Hi @lab-one,

Are you able to reproduce this issue in a project that you could share with us for further investigation?

Otherwise, could you provide some more information regarding the level where you are seeing the performance regression?

  • enable stat SceneRendering and provide screenshot
  • is the level using Instanced Static Meshes?
    • can you provide a rough estimate of number of instances?
    • do the ISMs use Nanite or regular meshes?
  • does the level contain a lot of Static Meshes using World Position Offset and do those meshes have “Evaluate World Position Offset in Ray Tracing” enabled? can you provide a rough estimate of number of such meshes?
  • does the level contain a lot of Skeletal Meshes? can you provide a rough estimate of number of such meshes?



Hi Tiago,

Was not expecting my comment to summon someone from Epic itself, thank you so much for your swift reaction, and I apologize for unnecessary gray hairs if you got any, because I got.

It was a bit unfair to me to say that issue is coming from the engine, it is just 5.4 update made it more prominent.

You can see stat scene rendering in my original comment and it shows that the issue is in GatherRaytracingWorldInstances.
So it all boils down to checkbox “Visible in Raytracing” on foliage.

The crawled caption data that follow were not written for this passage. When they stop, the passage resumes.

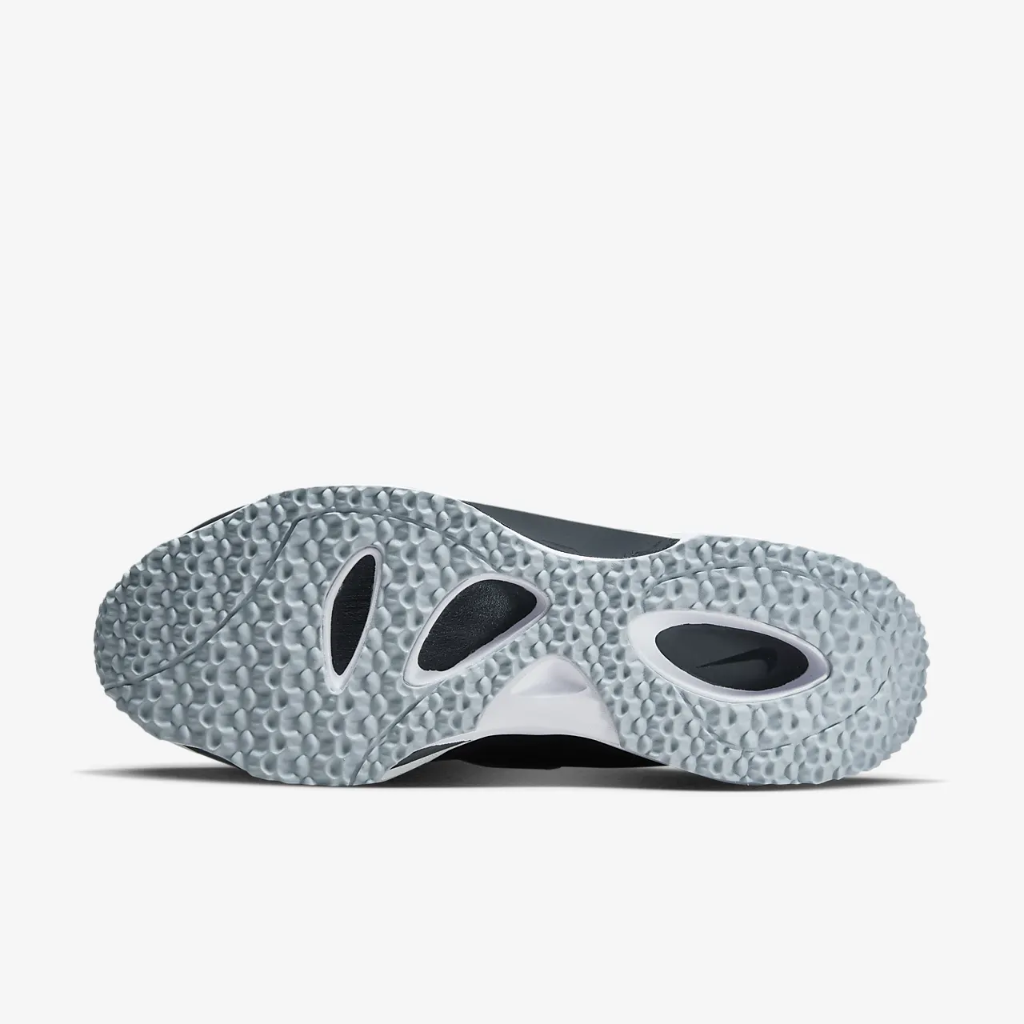 Nike Spark Women&#039;s Shoes DJ6945-005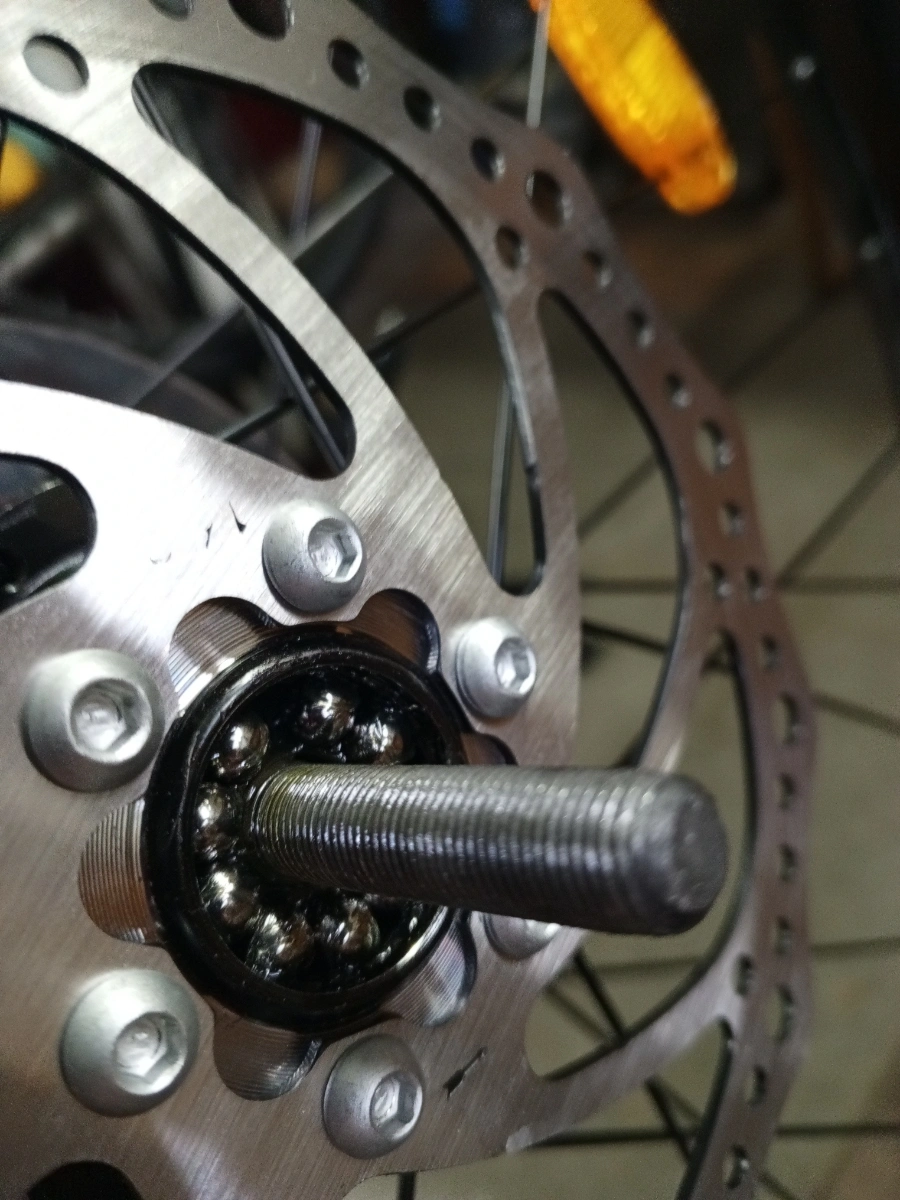 фото по отзыву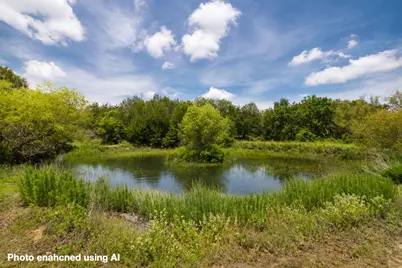 1471 County Road A, Lexington, TX 78947 - Photo 10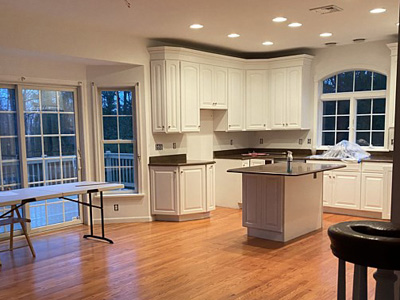 Remodeling Services, Stroudsburg, PA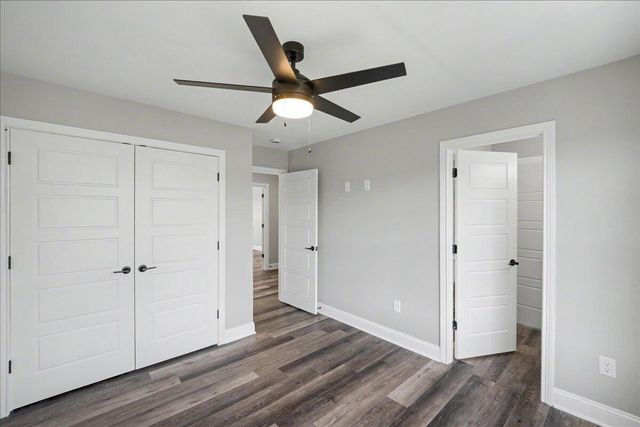 318 Blue Spruce Drive, Frankfort, KY 40601
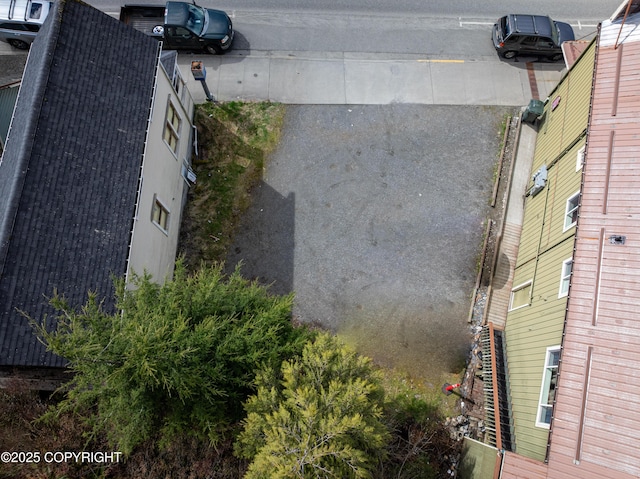 LOT13 Stedman St, Ketchikan, AK 99901 - photo 3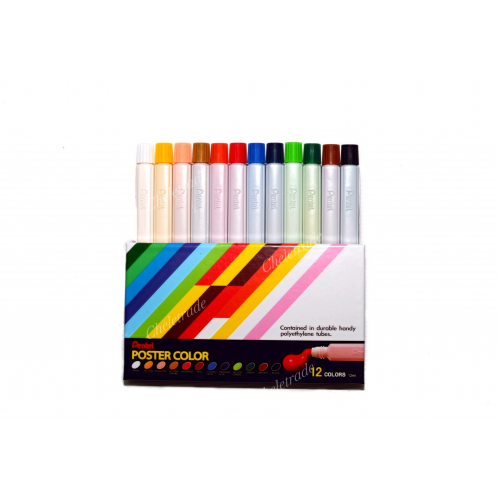 Paints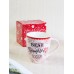 "Best Daughter Ever" Mug With Gift Box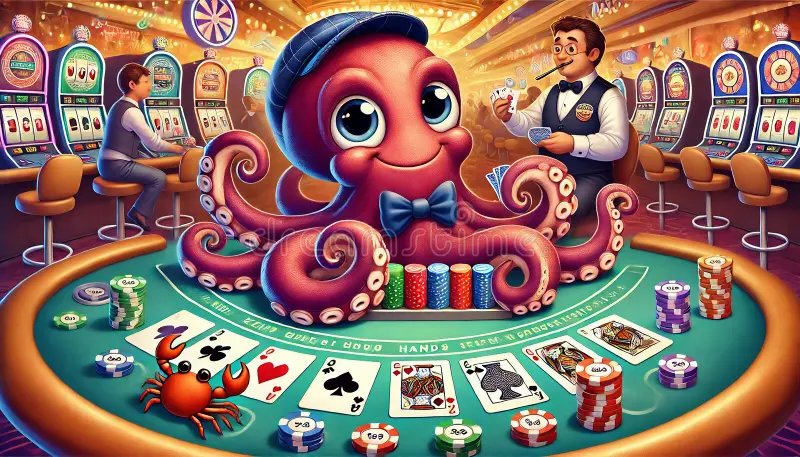 kubet3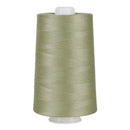 3059 Light Sage Omni Polyester Thread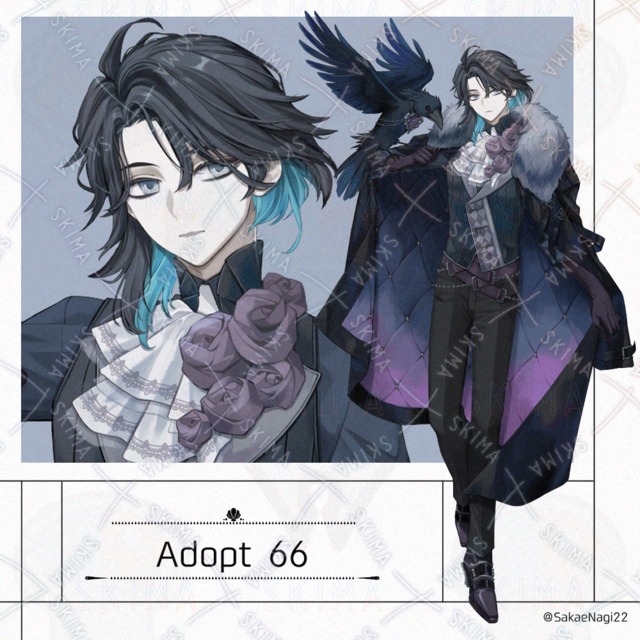 Adopt66
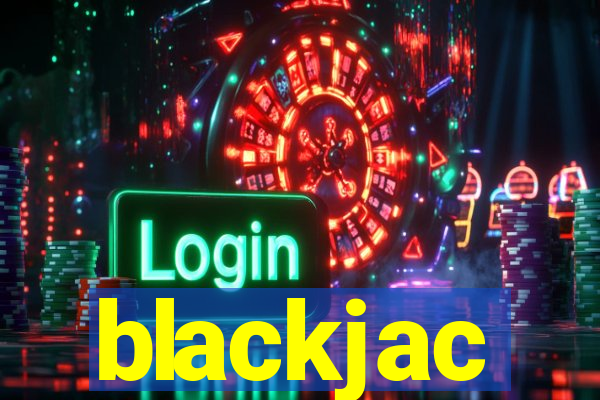 blackjac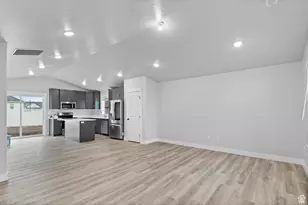 970 W 880 N, Tremonton, UT 84337 - Photo 25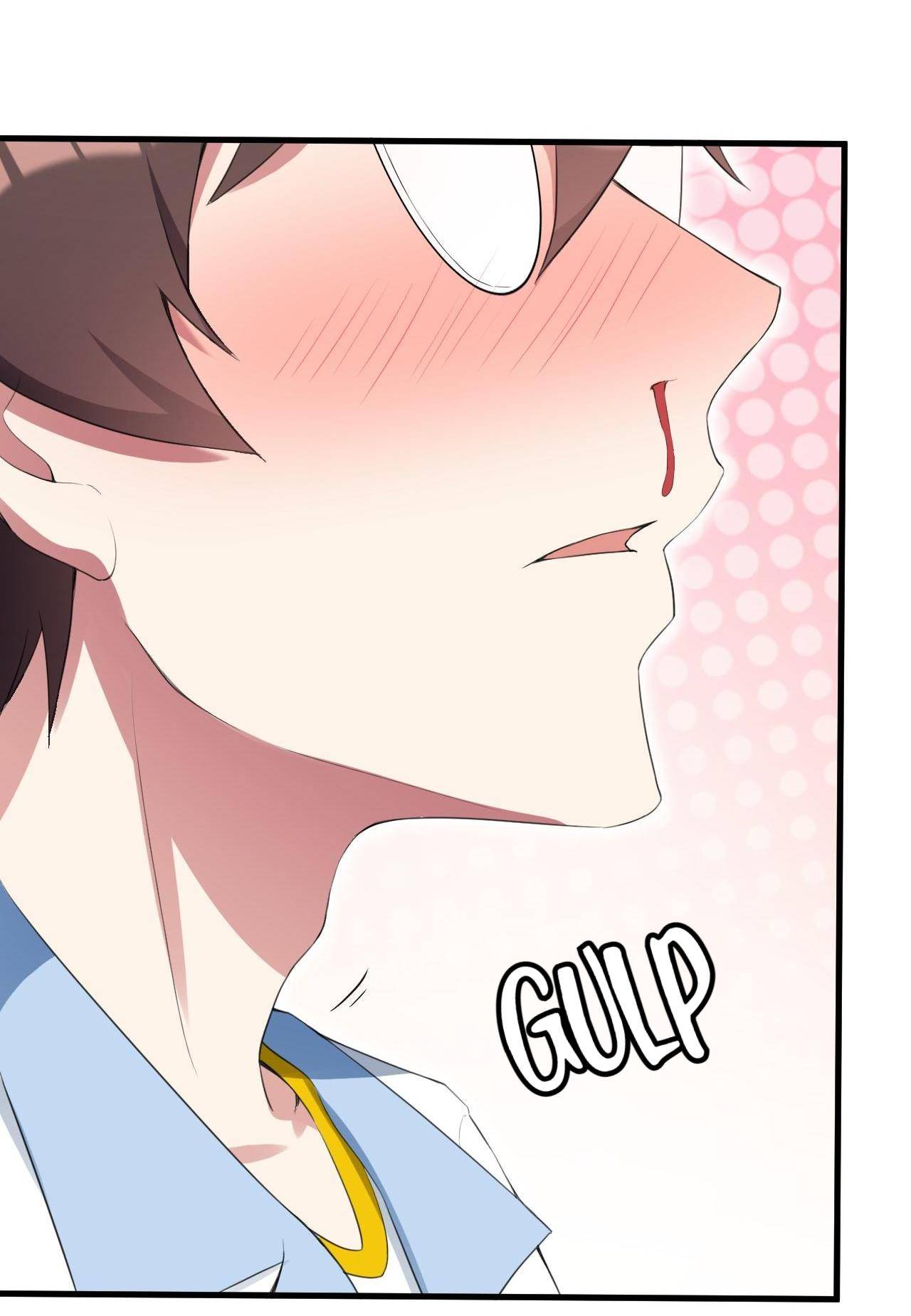 Chapter 34 - Image 4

I total have 560k foliage instances on my scene, and as soon as Visible in Raytracing checkbox is activated on foliage I see how this function goes crazy, which is natural for 560k instances.

It’s just that in 5.3 performance of that function was under my target value ~22ms, so I was not paying attention, and in 5.4 it stopped being there, and this drop is more noticeable the more foliage I have on my scene.

My workaround is obviously to disable Raytracing on foliage, because it is unnecessary.

However, I see that even if I set Cull Distance for foliage to be extremely low, function is takes performance. I don’t know much about it, but maybe that information will help you as well.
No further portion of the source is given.